Somut olayda, davalı işveren davacının internette oyun oynaması ve çeşitli haber sitelerinde zaman geçirmesine ilişkin kayıtlar sunmuştur. Mahkemece belirlenen bilirkişi heyetinin raporunda, davacının her gün kısa süreli olsa da iş amaçlı bilgisayarında internet alışveriş ve oyun sitelerine girdiği, bir yıl içerisinde 6 kez yarım saat, 6 kez de bir saatin üzerinde internette zaman geçirdiği tespit edilmiştir. Ancak bilirkişiler, bilgisayar yazılım ve yönetiminde görev alan bir personelin zamanını boşa harcadığının tek göstergesinin üstlenilen işi yetiştirmemesi ve bu nedenle bir zararın oluşması olduğunu ileri sürerek bunun da kanıtlanamadığından bahisle feshin geçerli nedene dayanmadığını belirtmişledir. Mahkemece bilirkişi heyetinden alınan rapor ve ek rapora itibar edilerek, denetim raporunun 2006 yılına ait olup, genel nitelikte olduğu, özelde davacıya yönelik olmadığı, risklerin değerlendirildiği, bunlara yönelik çözümlerin önerildiği, yapılan tespitlerin davacının iş sözleşmesinin haklı nedenle feshi gerektirmediği gibi hak düşürücü sürenin geçtiği, davacının yasaklanmış veya yasa dışı internet sitelerine girdiğine dair belge ve kanıt sunulmadığı, davacının işveren veya işyeri hakkında şeref ve haysiyet kırıcı asılsız isnatlarda bulunduğu, işverenin gıyabında şeref ve namusuna dokunacak sözler sarf ettiği yönündeki savunmanın da kanıtlanmadığı, feshin geçerli nedene dayanmadığı gerekçesi ile davanın kabulü ile davacının işe iadesine karar verilmiştir.

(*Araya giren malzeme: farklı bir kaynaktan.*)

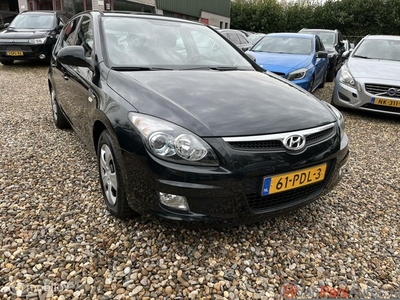 Hyundai i30 1.6i i-Drive Cool,Airco,Cruise,2de eigenaar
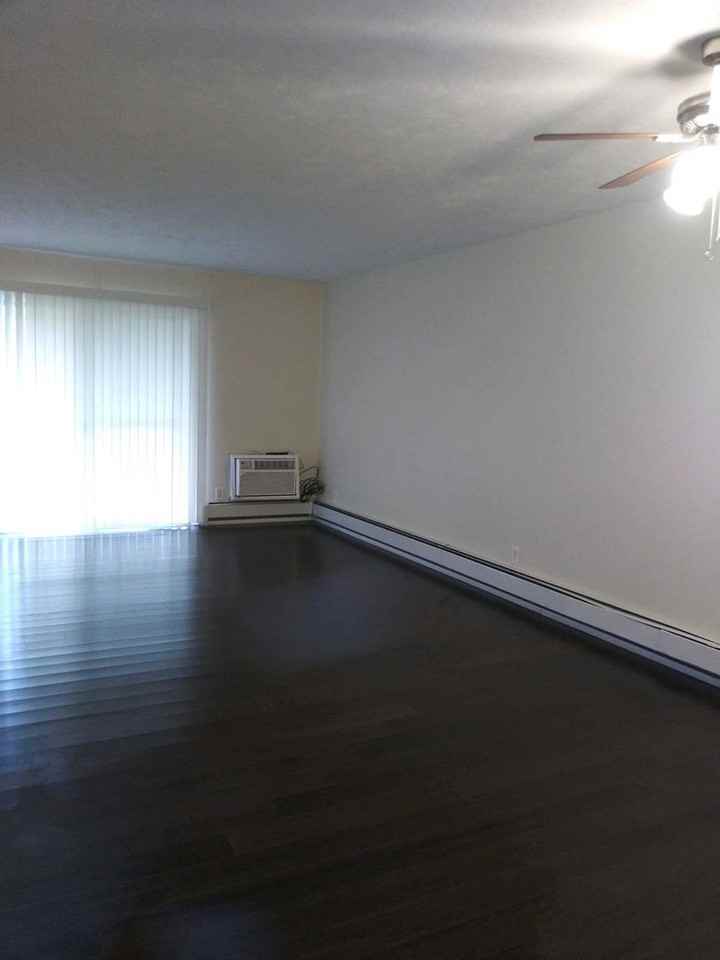 Riverside Terrace Apartments - Photo 3 of 12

Karar aynı tarihlerde aynı nedenle iş sözleşmesi feshedilen diğer bir işçinin açtığı davada verilen feshin geçersizliği kararı gerekçe gösterilerek davalı vekili tarafından temyiz edilmiştir.
Mahkemenin kararının davacı tarafından temyizi neticesinde, Yargıtay 9. Hukuk Dairesi işverence yapılan feshi geçerli kabul ederek, mahkemenin kararının bozularak ortadan kaldırılmasına karar vermiştir. Yargıtay kararında işverence üçüncü fesih sebebi olarak gösterilen mesai saatleri içerisinde internette oyun oynama ve çeşitli haber sitelerinde zaman geçirme hususu ayrıntılı olarak incelenmiş ve davacının davranışlarının işyeri etik kurallarına aykırı olması nedeni ile işverenin iş sözleşmesini feshi geçerli kabul edilmiştir.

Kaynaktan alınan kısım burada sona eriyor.